Nevitt outlines 3 paths Denver can take
Nevitt said the city faces three choices.
“We can say well, we like Denver exactly the way it is,” Nevitt said.
“It is going to stay exactly the way it is and, you know, we are going to sort of cover it in amber and if those million people move here, well they are just going to have to move somewhere else and they will move out into the suburbs,” Nevitt said.
Even if they live in the suburbs, Denver will pay the price, he said.
“Denver is where the action is and so they are going to drive in to have fun, to work, and that will be miserable three quarter of a million additional people driving into Denver.”
The other extreme is to pack as many people into the city as possible, he said.
“The other alternative is to combat the problem of urban sprawl and say well, we just need to ‘densify’ our city as much as possible. We need to maximize density everywhere we possibly can, can’t be sentimental about it.

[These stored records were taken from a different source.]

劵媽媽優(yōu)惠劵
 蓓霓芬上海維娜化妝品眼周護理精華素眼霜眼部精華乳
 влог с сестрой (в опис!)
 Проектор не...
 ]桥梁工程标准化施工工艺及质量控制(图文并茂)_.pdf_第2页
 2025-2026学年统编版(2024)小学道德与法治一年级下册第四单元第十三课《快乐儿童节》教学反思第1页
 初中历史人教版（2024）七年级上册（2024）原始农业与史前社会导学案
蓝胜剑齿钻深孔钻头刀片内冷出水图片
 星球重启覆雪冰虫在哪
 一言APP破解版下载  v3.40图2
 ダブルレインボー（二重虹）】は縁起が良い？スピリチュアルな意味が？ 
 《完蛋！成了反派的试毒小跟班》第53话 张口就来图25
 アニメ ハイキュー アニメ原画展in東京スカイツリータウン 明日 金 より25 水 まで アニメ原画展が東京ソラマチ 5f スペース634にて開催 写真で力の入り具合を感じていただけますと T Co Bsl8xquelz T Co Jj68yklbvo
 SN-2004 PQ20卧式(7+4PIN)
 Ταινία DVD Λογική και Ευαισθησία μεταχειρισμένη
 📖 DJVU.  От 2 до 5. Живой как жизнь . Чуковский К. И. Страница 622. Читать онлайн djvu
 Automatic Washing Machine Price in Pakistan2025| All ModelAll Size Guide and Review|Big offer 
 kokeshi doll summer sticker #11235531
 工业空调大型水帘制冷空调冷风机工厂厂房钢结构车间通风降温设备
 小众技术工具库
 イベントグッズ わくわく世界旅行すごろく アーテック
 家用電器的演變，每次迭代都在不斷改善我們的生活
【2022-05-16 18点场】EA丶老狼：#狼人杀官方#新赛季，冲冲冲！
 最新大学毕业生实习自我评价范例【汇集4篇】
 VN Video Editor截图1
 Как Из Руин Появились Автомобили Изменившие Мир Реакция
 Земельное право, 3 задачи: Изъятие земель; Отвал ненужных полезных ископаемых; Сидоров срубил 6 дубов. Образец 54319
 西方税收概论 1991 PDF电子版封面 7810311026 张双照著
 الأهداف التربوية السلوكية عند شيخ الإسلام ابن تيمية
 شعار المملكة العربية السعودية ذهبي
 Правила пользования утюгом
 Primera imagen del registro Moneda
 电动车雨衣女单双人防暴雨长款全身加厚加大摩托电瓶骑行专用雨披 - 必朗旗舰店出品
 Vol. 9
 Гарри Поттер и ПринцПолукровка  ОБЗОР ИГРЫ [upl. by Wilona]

“And so that would involve taking all the single family homes down and replacing them with them row houses and taking the row houses down and replacing them with towers and we would have combated urban sprawl, but we would have sold our souls in the process,” Nevitt said.
There is another way, which is illustrated by Country Club Towers II, he said.
Broe is on the right path, Nevitt says
“The third path is the path that we are on and we need to have the courage of our convictions and stay on it and this project is emblematic of that third path,” Nevitt said.
“We need to protect our heritage. We need to be cognizant of neighborhood character, but at every opportunity we have we need to dramatically increase density.”
Initially, the plans called for tearing down all the Country Club Gardens apartment buildings, which were built in the 1940s and replace them with as many as five towers, he said.
He said that was the second path he was talking about, which was to build as much density as possible.
“So the whole thing was coming down and it was going to be replaced by multiple towers, a lot of units, fantastic density, but the loss of these historic properties. The backlash was no, we have to stop that, that these towers are destroying our heritage and so we need to keep the Broe Group from building these towers,” Nevitt said.
However, to stop Broe wasn’t the right answer either, he said.
“That was the first path where we preserve everything in amber and let the density go elsewhere.” Nevitt said.
“But after a lot of hard work, a lot of patience on the part of the Broe Group, a lot of hard work on the part of the community, a lot of hard work on the part of the city, we have arrived at a spot now that is emblematic of what I think is this third path,” he said.
It is extremely expensive to save the “beautiful old buildings” on the site, he said.
“There is a lot of development potential that has been left on the table by the Broe Group, but preserving some of these buildings is important. It is part of the character of this city,” Nevitt said.
At the same time, Broe is building “beautiful buildings that will be adjacent to bus lines, adjacent to the Cherry Creek Path. And so those 500 people instead of moving to Littleton and driving into Denver, they will be living right here in Denver, enjoying an urban lifestyle where they can take the bus to where they need to go, take a bicycle where they need to go, take a car share where they need to go.”
Also, Broe is building more parking than is required under the zoning, he said, “actually taking cars off the street. Parking will be improved, we are dramatically increasing density, and we are preserving our architectural heritage and the character of our neighborhood at the same time.
“So I am enormously happy to be here. This is a fantastic project.”